▶ [Exercise]: In the entries below, find the line with "Schule von Angoily" and print exactly every line from there up to and including the line with "绿色小乌龟抱枕靠垫男生款布娃娃", with no other lines.

▶ [Data for processing]:
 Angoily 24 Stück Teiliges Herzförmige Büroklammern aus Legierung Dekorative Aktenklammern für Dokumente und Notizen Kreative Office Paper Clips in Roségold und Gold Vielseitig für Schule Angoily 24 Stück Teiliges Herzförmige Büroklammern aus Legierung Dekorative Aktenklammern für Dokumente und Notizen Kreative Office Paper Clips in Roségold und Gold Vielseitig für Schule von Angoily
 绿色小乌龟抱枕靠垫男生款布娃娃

* * *

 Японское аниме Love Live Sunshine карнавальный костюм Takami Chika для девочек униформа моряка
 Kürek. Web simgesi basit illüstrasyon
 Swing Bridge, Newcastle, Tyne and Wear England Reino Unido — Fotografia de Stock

...

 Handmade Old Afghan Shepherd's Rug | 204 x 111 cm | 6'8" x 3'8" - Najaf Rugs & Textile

▶ [Result for this task]:
 Angoily 24 Stück Teiliges Herzförmige Büroklammern aus Legierung Dekorative Aktenklammern für Dokumente und Notizen Kreative Office Paper Clips in Roségold und Gold Vielseitig für Schule Angoily 24 Stück Teiliges Herzförmige Büroklammern aus Legierung Dekorative Aktenklammern für Dokumente und Notizen Kreative Office Paper Clips in Roségold und Gold Vielseitig für Schule von Angoily
 绿色小乌龟抱枕靠垫男生款布娃娃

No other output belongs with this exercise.